**Action item**. Starting at the line that contains "HKM Ladies Riding" and ending at the final line of the entries below, write out each line exactly as it appears, but omit the pictures.
[Data]
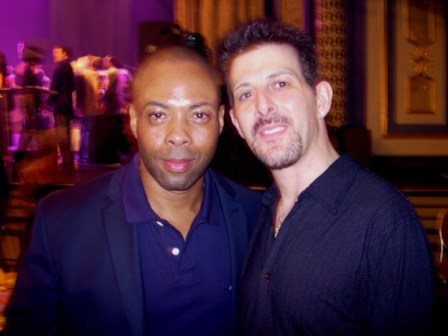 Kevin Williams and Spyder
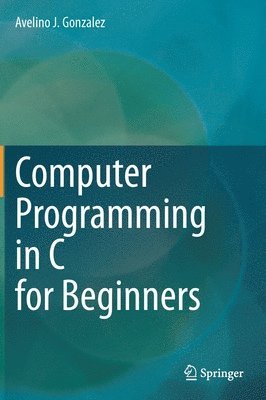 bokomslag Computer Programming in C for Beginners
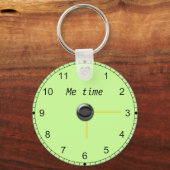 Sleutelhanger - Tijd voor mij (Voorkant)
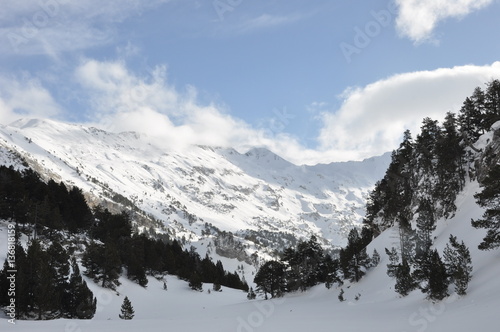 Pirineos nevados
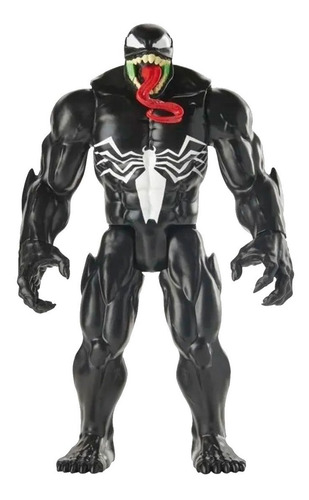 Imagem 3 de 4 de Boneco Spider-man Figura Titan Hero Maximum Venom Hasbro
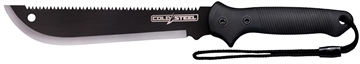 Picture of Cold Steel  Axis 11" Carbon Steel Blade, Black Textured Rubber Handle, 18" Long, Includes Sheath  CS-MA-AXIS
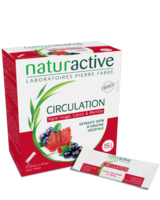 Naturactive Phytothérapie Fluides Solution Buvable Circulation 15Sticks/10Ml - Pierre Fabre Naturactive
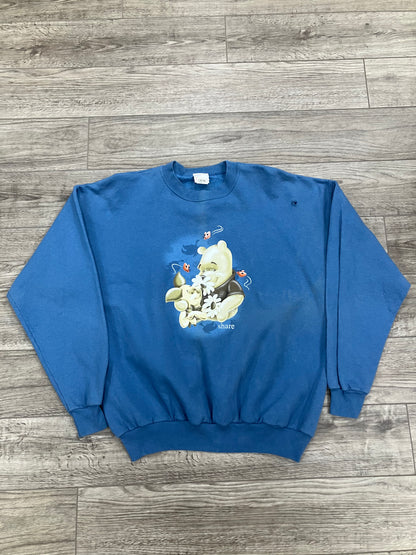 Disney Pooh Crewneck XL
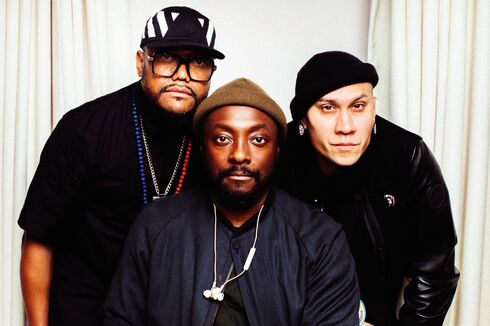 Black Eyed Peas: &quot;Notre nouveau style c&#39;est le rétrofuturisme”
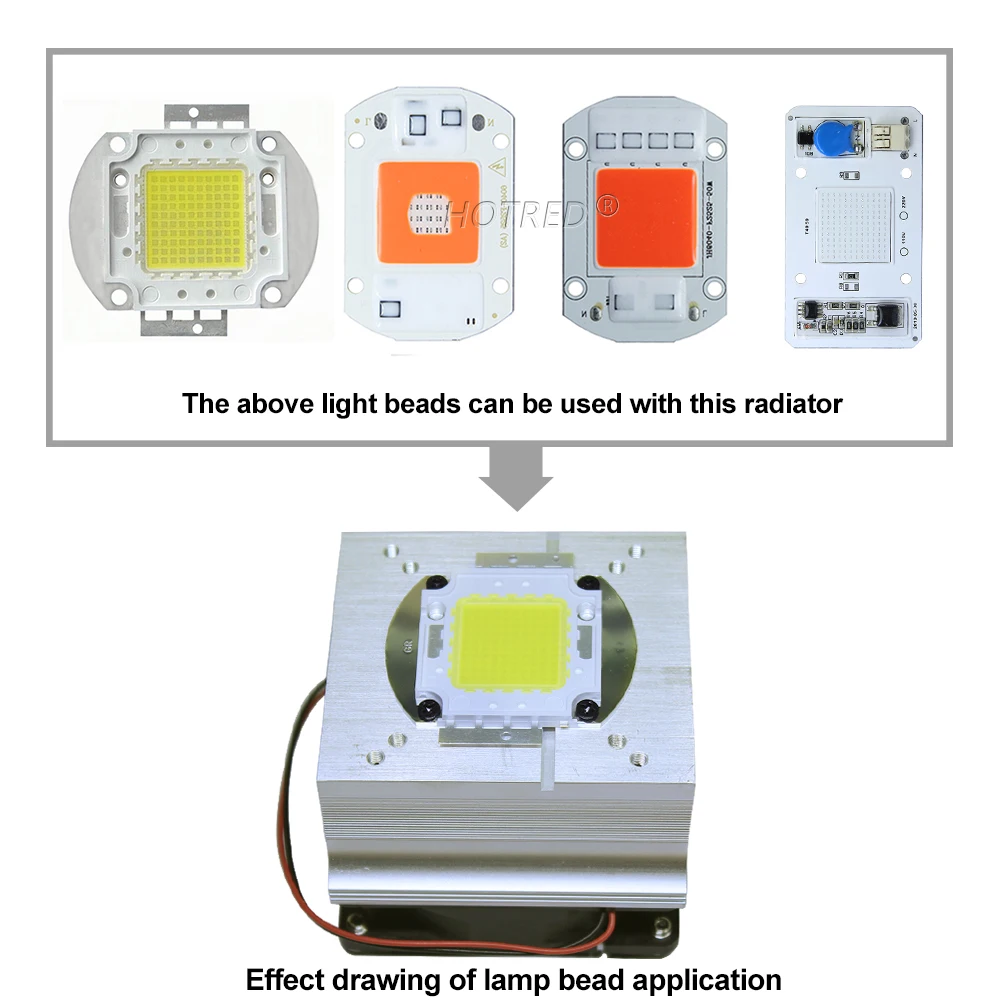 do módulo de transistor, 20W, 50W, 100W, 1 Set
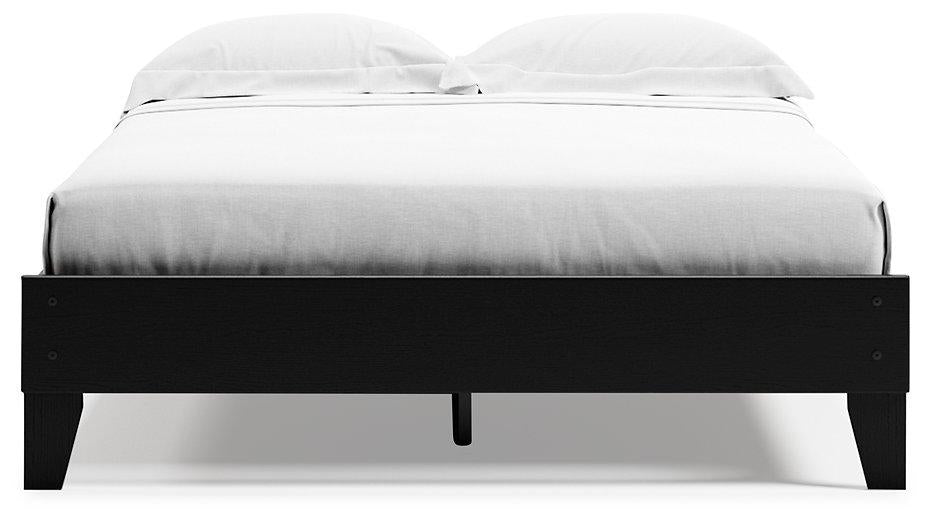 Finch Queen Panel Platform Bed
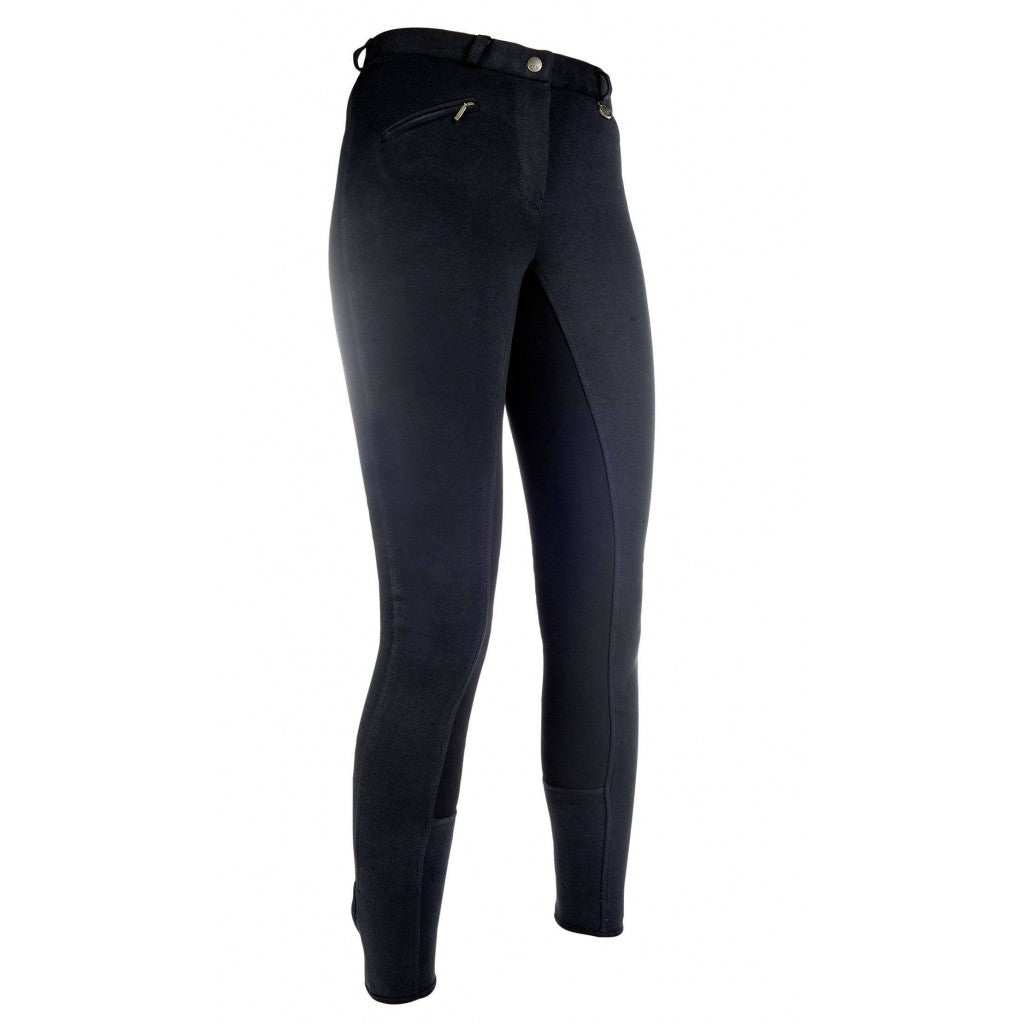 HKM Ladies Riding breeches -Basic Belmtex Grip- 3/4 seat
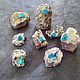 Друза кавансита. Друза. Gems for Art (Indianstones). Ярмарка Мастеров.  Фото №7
[/Data]
**Task output**.
 HKM Ladies Riding breeches -Basic Belmtex Grip- 3/4 seat
 Друза кавансита. Друза. Gems for Art (Indianstones). Ярмарка Мастеров.  Фото №7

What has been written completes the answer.